Work to be completed:
In the records below, find the line containing "315 - 735 DEVERON", then print it and every following line exactly, through the last, without pictures.

[Collected data]
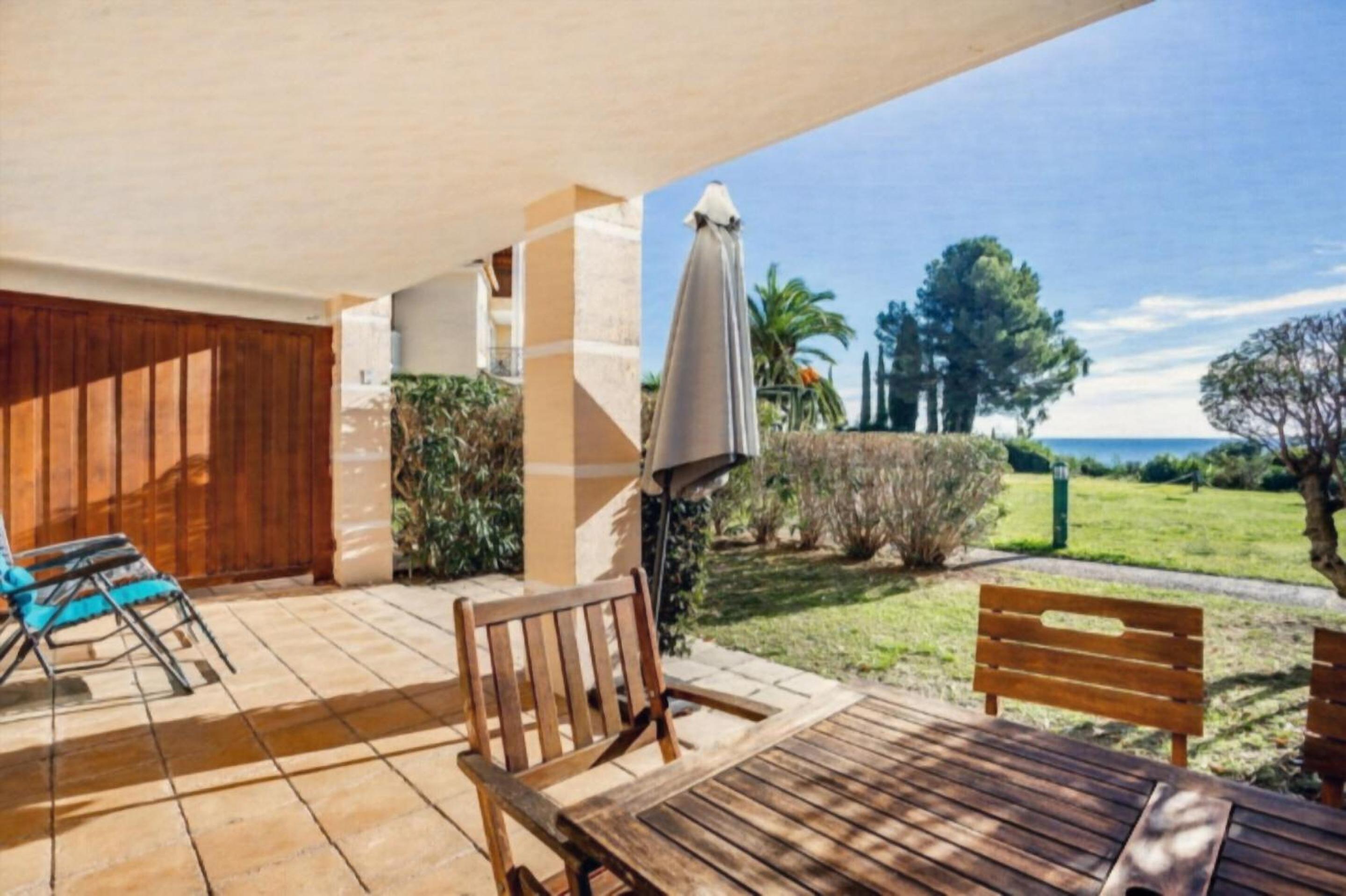 Garden level for 5 people with sea view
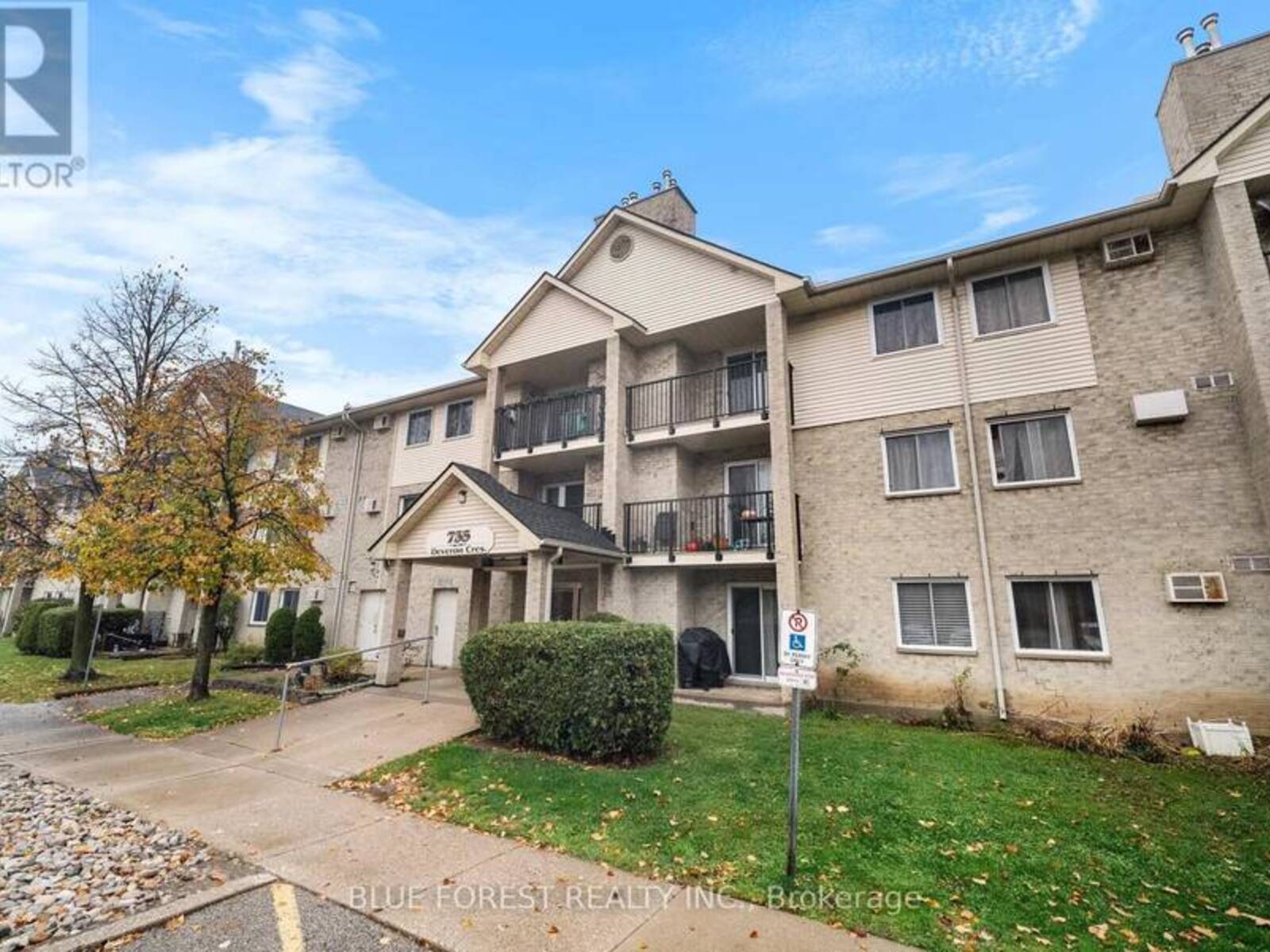 315 - 735 DEVERON CRESCENT, London, Ontario N5Z 4X8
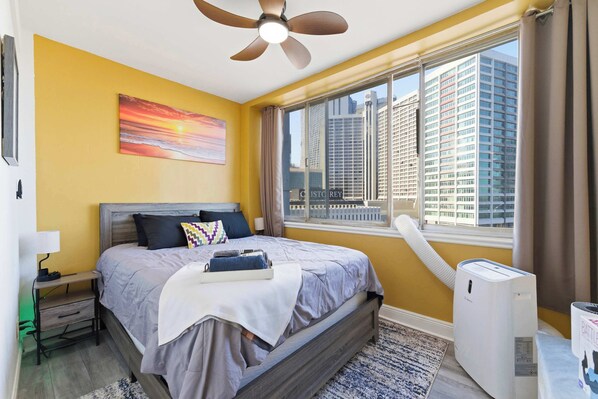 3 bedrooms, iron/ironing board, WiFi, bed sheets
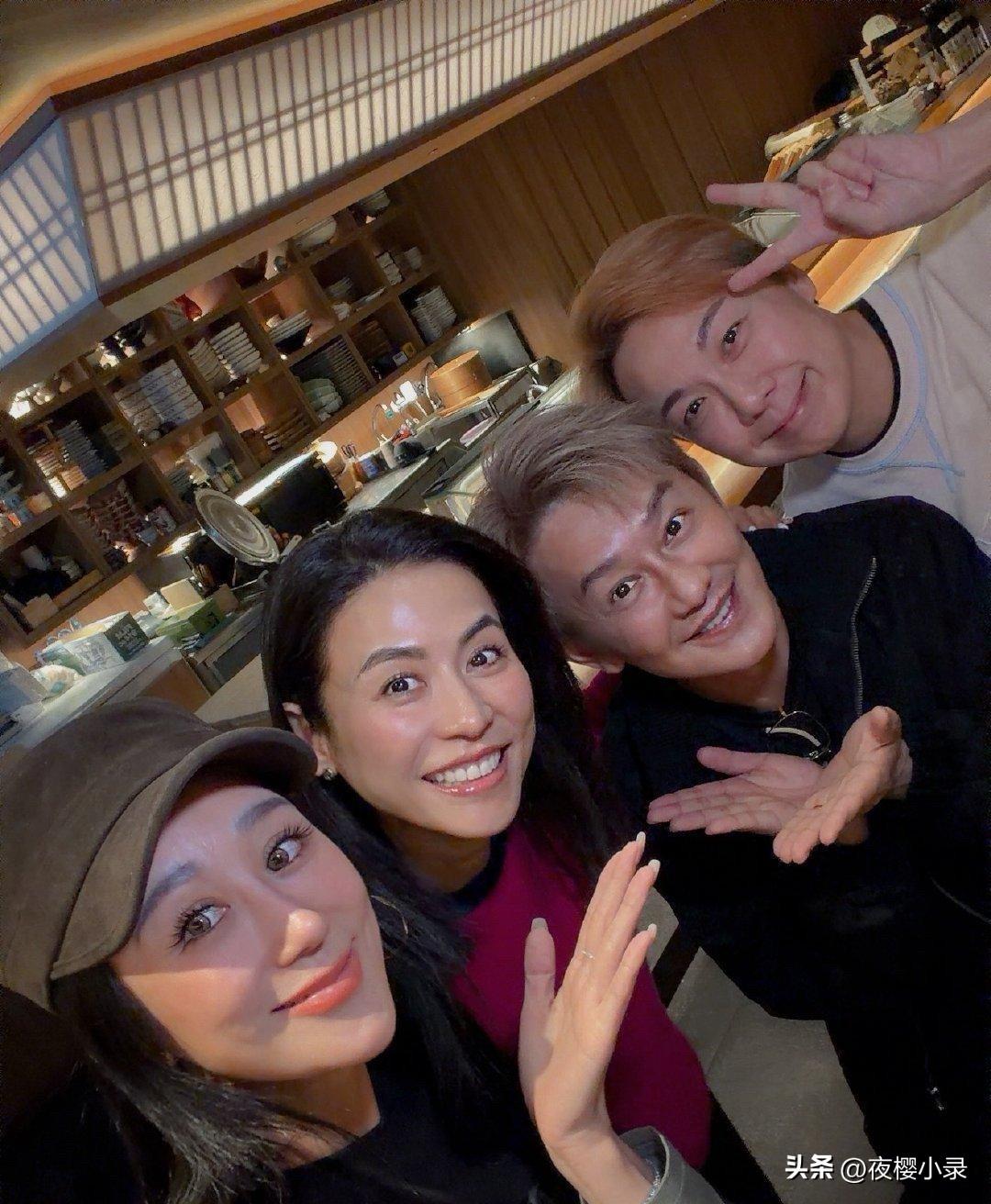 56岁宣萱和陈浩民夫妇在香港聚餐，她的气质太好了，脸部保养得宜，看不到一点皱纹，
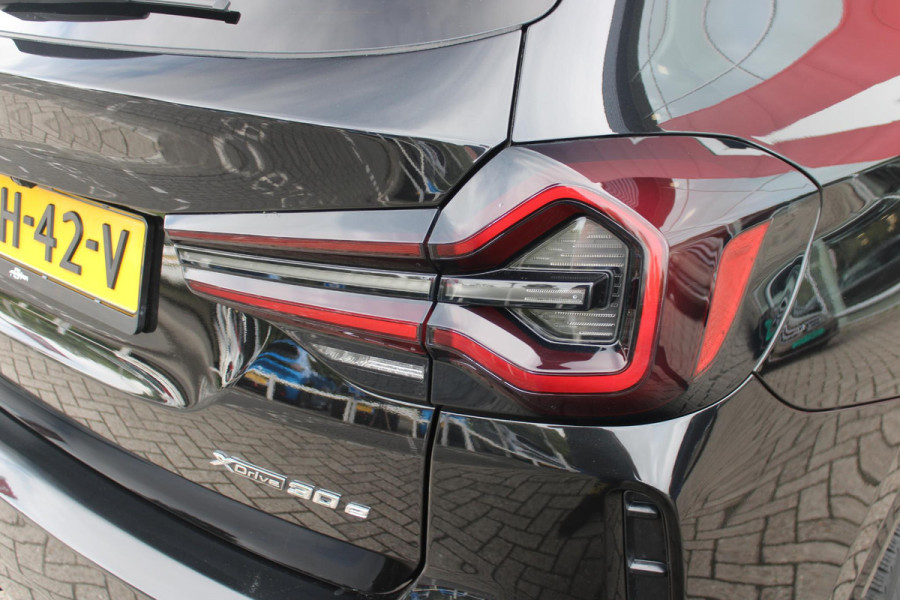 BMW X3 xDrive30e 293PK HIGH EXECUTIVE M SPORT | X-DRIVE | PANORAMISCH SCHUIF/KANTEL DAK | 20" LICHTMETALEN VELGEN | M SPORTREMMEN | COMFORT ACCESS | AKOESTISCH GLAS | VOORSTOELEN ELEKTRISCH VERSTELBAAR MET GEHEUGENFUNCTIE | STOEL VERWARMING | ADAPTIEVE LED KOPLAMPEN | DRIVING ASSISTANT PAKKET | ADAPTIVE CRUISE CONTROL | HEAD UP DISPLAY | DAB+ RADIO | HARMAN KARDON AUDIO SYSTEM | DRAADLOZE TELEFOONLADER | SPORTSTOELEN M-TECHNIC | LEER "VERNASCA" | SHADOW LINE | DRAADLOZE APPLE CARPLAY/ANDROID AUTO | NAVIGATIE | ALARM | ACHTERUITRIJ CAMERA | PARKEERSENSOREN VOOR EN ACHTER | ELE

Answer to this task:
 315 - 735 DEVERON CRESCENT, London, Ontario N5Z 4X8
 3 bedrooms, iron/ironing board, WiFi, bed sheets
 56岁宣萱和陈浩民夫妇在香港聚餐，她的气质太好了，脸部保养得宜，看不到一点皱纹，
 BMW X3 xDrive30e 293PK HIGH EXECUTIVE M SPORT | X-DRIVE | PANORAMISCH SCHUIF/KANTEL DAK | 20" LICHTMETALEN VELGEN | M SPORTREMMEN | COMFORT ACCESS | AKOESTISCH GLAS | VOORSTOELEN ELEKTRISCH VERSTELBAAR MET GEHEUGENFUNCTIE | STOEL VERWARMING | ADAPTIEVE LED KOPLAMPEN | DRIVING ASSISTANT PAKKET | ADAPTIVE CRUISE CONTROL | HEAD UP DISPLAY | DAB+ RADIO | HARMAN KARDON AUDIO SYSTEM | DRAADLOZE TELEFOONLADER | SPORTSTOELEN M-TECHNIC | LEER "VERNASCA" | SHADOW LINE | DRAADLOZE APPLE CARPLAY/ANDROID AUTO | NAVIGATIE | ALARM | ACHTERUITRIJ CAMERA | PARKEERSENSOREN VOOR EN ACHTER | ELE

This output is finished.